Campi Flegrei: bomba ad orologeria, piano di evacuazione inesistente

Il terremoto recentemente avvenuto a Ischia riaccende i riflettori sulla zona vulcanica più pericolosa al mondo. Il super vulcano dei Campi Flegrei, zona densamente abitata, potrebbe eruttare in qualsiasi momento. Si tratta di una bomba ad orologeria, ma il piano di evacuazione è tuttora inesistente.

Giuseppe Mastrolorenzo
Giuseppe Mastrolorenzo


 I rischi rappresentati dai Campi Flegrei, dal Vesuvio e dall'Isola di Ischia sono ben noti al mondo scientifico e alle istituzioni, ma per quanto possa sembrare paradossale, se avvenisse un'eruzione sarebbe impossibile portare in salvo la popolazione che abita la zona.

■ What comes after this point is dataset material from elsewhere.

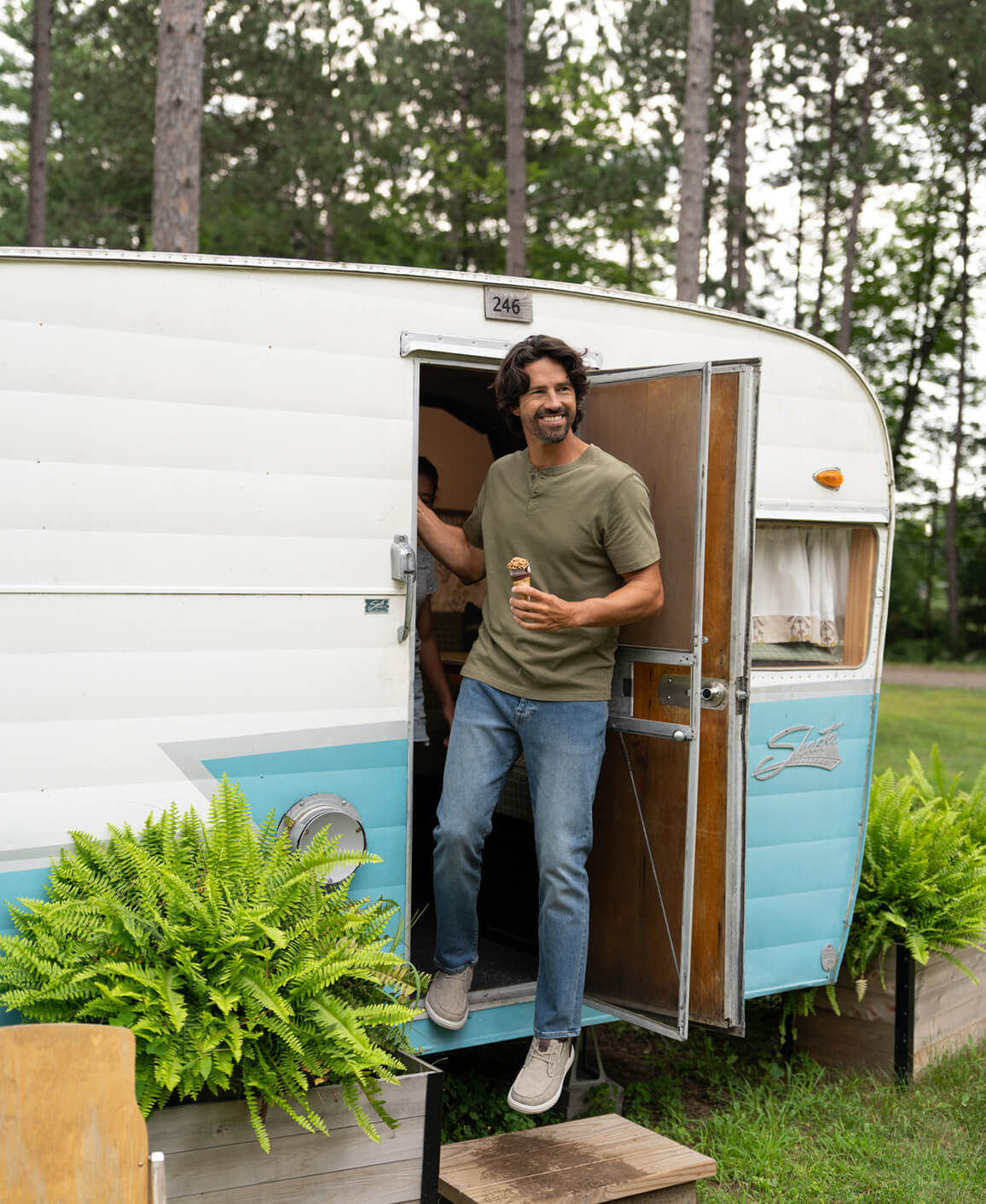 Image features a man stepping out of a camper wearing the Nunn Bush Brew City slip on.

Al giorno d'oggi manca un piano di evacuazione adeguato.
Inoltre, nonostante i pericoli naturali dell'intera zona vulcanica, l'attività dell'uomo amplifica i rischi di una catastrofe, ad Ischia e nei Campi Flegrei potrebbero sorgere delle centrali geotermiche con tanto di trivellazioni ad alte temperature. Per fare il quadro della situazione Sputnik Italia ha raggiunto Giuseppe Mastrolorenzo, vulcanologo presso l'Osservatorio Vesuviano e l'INGV (Istituto Nazionale di Geofisica e Vulcanologia).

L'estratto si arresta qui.